The dose of the extract of fermented ginseng using the above-mentioned Lactobacillus plantarum CRNB-22 is determined by the age, sex, and weight of the subject to be treated, the severity of the specific disease or pathological condition to be treated, the severity of the disease or pathological condition, Will vary. Dosage determinations based on these factors are within the level of ordinary skill in the art and generally the dosage ranges from 0.01 mg / kg / day to approximately 2000 mg / kg / day. A more preferable dosage is 0.1 mg / kg / day to 500 mg / kg / day. The administration may be carried out once a day or several times. The dose is not intended to limit the scope of the invention in any way. The extract of fermented ginseng using Lactobacillus plantarum CRNB-22 of the present invention can be administered to mammals such as rats, livestock, and humans in various routes. All modes of administration may be expected, for example, by oral, rectal or intravenous, intramuscular, subcutaneous, intra-uterine dural or intracerebral injection. Also, since the extract of fermented ginseng using Lactobacillus plantarum CRNB-22 of the present invention is a composition derived from a natural product, it has little toxicity and side effects, and thus can be safely used for long-term use even for prophylactic purposes.

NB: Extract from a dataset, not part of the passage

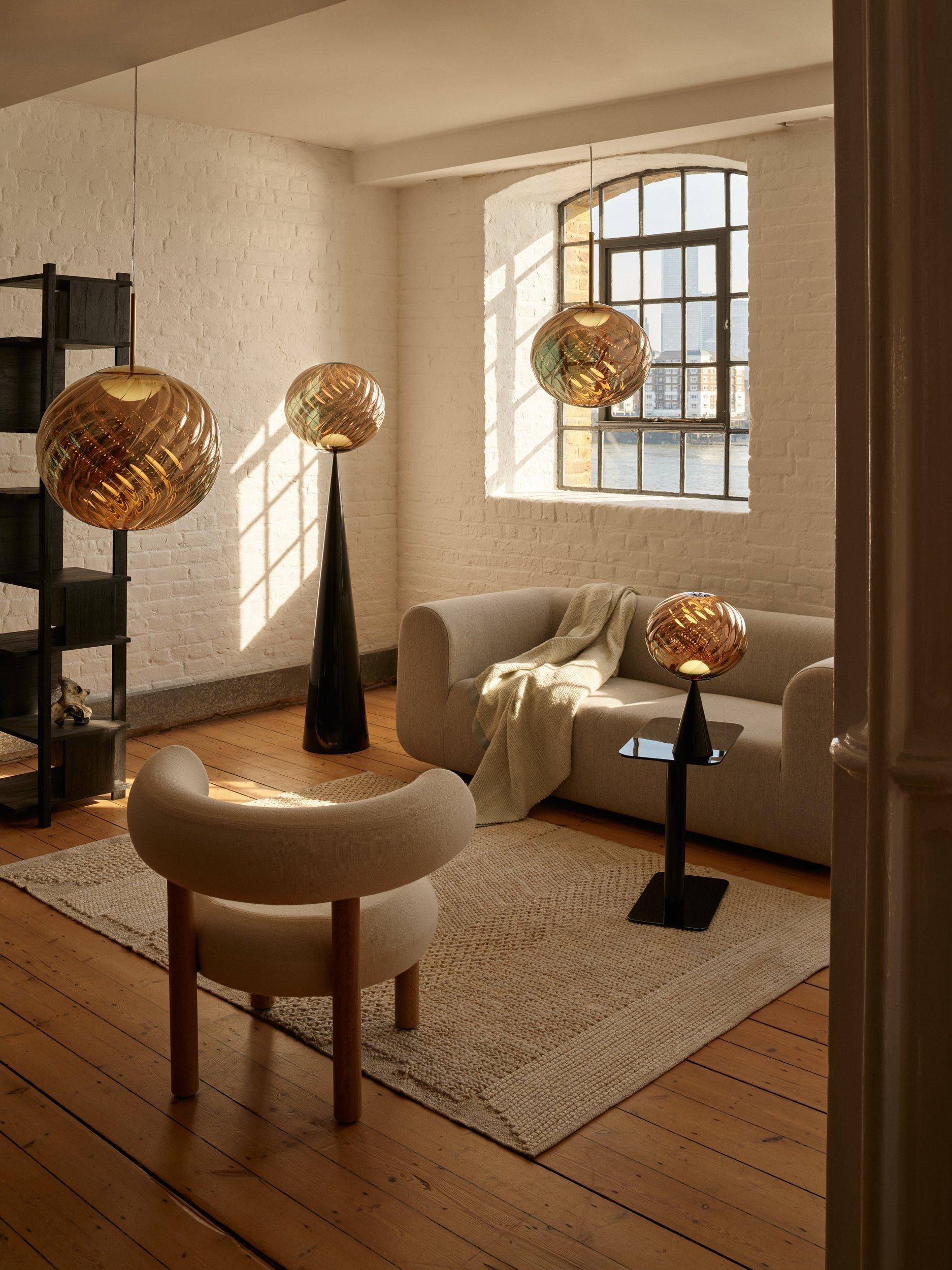 Tom Dixon Whirl table lamp gold black, imported from the UK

The present invention also provides a health functional food for preventing or ameliorating atopic dermatitis containing the extract of fermented ginseng using Lactobacillus plantarum CRNB-22. Food-acceptable food-aid additives may be added to the health functional food. The health functional food may be in the form of tablets, capsules, pills or liquids. The health functional foods include dairy products such as drinks, meat, sausage, bread, candy, snacks, noodles, It may include nutritional products, including beverages, alcoholic beverages and vitamin complexes, including ionic beverages.

In addition, the fermented ginseng extract using Lactobacillus plantarum CRNB-22 can be directly commercialized as a health functional food, and various additives can be mixed and commercialized to enhance flavor and flavor. Examples of additives include various saccharides, emulsifiers, sweeteners, acidulants, juices, and the like. Specific examples thereof include saccharides such as glucose, sucrose, fructose, and acacia, sugar alcohols such as sorbitol, xylitol, erysuricol, lactitol, and paratinide, fatty acid esters such as glycerin fatty acid esters, and emulsifiers such as lecithin In addition, various vitamins such as vitamin A, vitamin B, vitamin C and vitamin E, plant extract, cereal ingredient and vegetable ingredient can be used as additives.

The present invention relates to a composition for preventing or treating atopic dermatitis containing an extract of fermented ginseng using Lactobacillus plantarum CRNB-22 (Microorganism Accession Number: KCTC11931BP). The composition is excellent in inhibiting the activities of MCP-1 (monocyte chemoattractant protein-1), IL-8 (interleukin-8) and IL-6 (interleukin-6), and thus exhibits various symptoms of skin diseases such as atopic dermatitis Can be used as therapeutic agents for treatment or alleviation.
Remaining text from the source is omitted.